The Republican senator from Texas, who put the petition on his election campaign website, said McDonald's comments show a "fundamental lack of respect" for the millions of veterans who seek care at the department's nationwide network of hospitals and clinics.

The VA secretary caused a firestorm of criticism on Capitol Hill and was forced to apologize late Tuesday after downplaying the VA's need to focus on how long veterans must wait to receive treatment. He cited Disney's focus on overall visitor satisfaction as a better model for the problem-plagued department.

"At this point, there can be no doubt there is a deep corruption within the VA, and we should not rest until it is rooted out, and our heroes receive the care that they earned," Cruz said in a statement. "Secretary McDonald's recent comments make clear that he is not the man to ensure that happens and as a result he should resign."

The petition titled "Demand VA Secretary Robert McDonald's Resignation" was posted Wednesday to the tedcruz.org website, used by the Cruz election campaign.

On Tuesday, other lawmakers demanded that McDonald resign, including Sens. Joni Ernst, R-Iowa, and Roy Blunt, R-Mo., and Rep. Vern Buchanan, R-Fla.

Many more lawmakers, including the House Republican leadership and chairmen of the House and Senate veteran affairs committees, said they expected an apology from the secretary.

McDonald appeared defiant Tuesday afternoon during an appearance on a cable news program, but as the outrage grew, he issued a statement a few hours later saying he regretted the Disney comments.

"If my comments Monday led any veterans to believe that I, or the dedicated workforce I am privileged to lead, don't take that noble mission seriously, I deeply regret that. Nothing could be further from the truth," the statement said.

During a breakfast with reporters, McDonald had claimed Disney does not focus on how long visitors wait in line and that the VA should not either. He has often cited Disney as an inspiration for the VA, the country's second largest federal bureaucracy.

"What we should be measuring is the veterans' satisfaction. I mean, what really counts is how does the veteran feel about their encounter with the VA. When you go to Disney do they measure the number of hours you wait in line?" McDonald said. "What's important is your satisfaction with the experience, and what I would like to move to eventually is that kind of measure."

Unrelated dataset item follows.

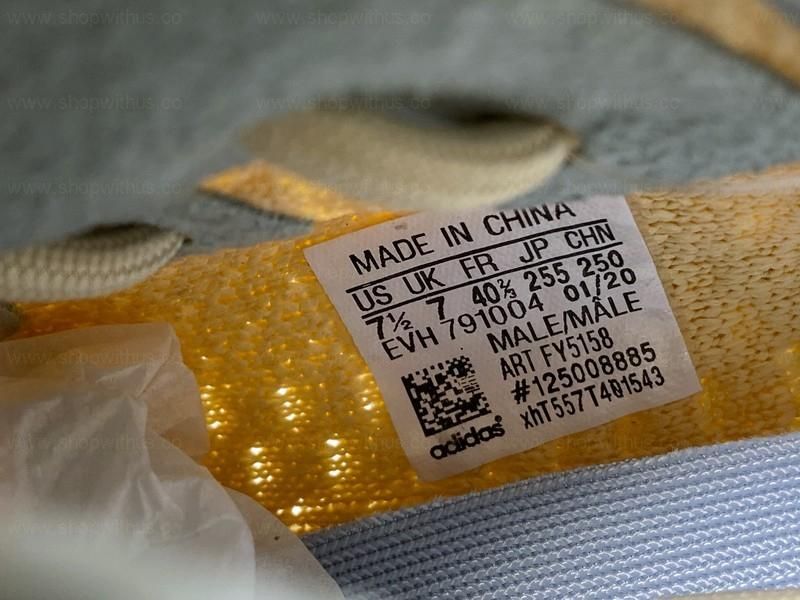 adidasYEEZY Boost 350 v2 - Linen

The VA was thrust into the worst scandal of its history in 2014 when whistleblowers exposed long and potentially dangerous wait times at veterans' hospitals. Federal auditors also discovered the department was systematically covering up the waits. Recent audits have found that delays in care remain.

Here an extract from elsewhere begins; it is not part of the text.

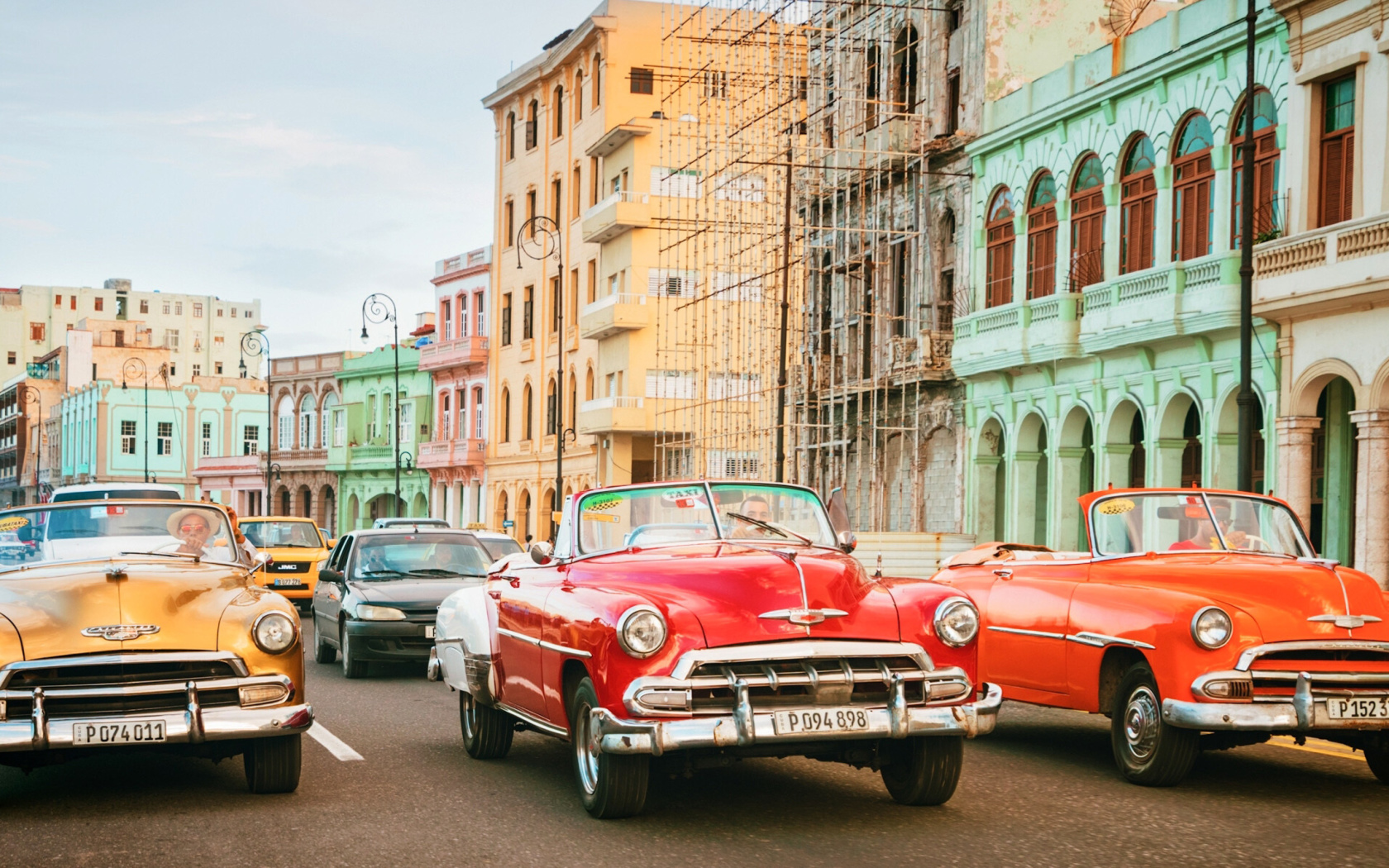 Fondo de pantalla Cuba Retro Cars in Havana 1680x1050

The Disney comments were the second major gaffe for McDonald, who was brought in two years ago to fix what many people viewed as a broken department.

In February 2015, McDonald told a homeless veteran, "I was in special forces." But his VA biography showed the West Point graduate and Army Ranger served in a unit that was not part of special operations forces. McDonald apologized for the "inaccurate" comment during a news conference in front of VA headquarters.

The previous VA secretary, retired Army Gen. Eric Shinseki, was forced to step down amid the wait-time scandal in 2014.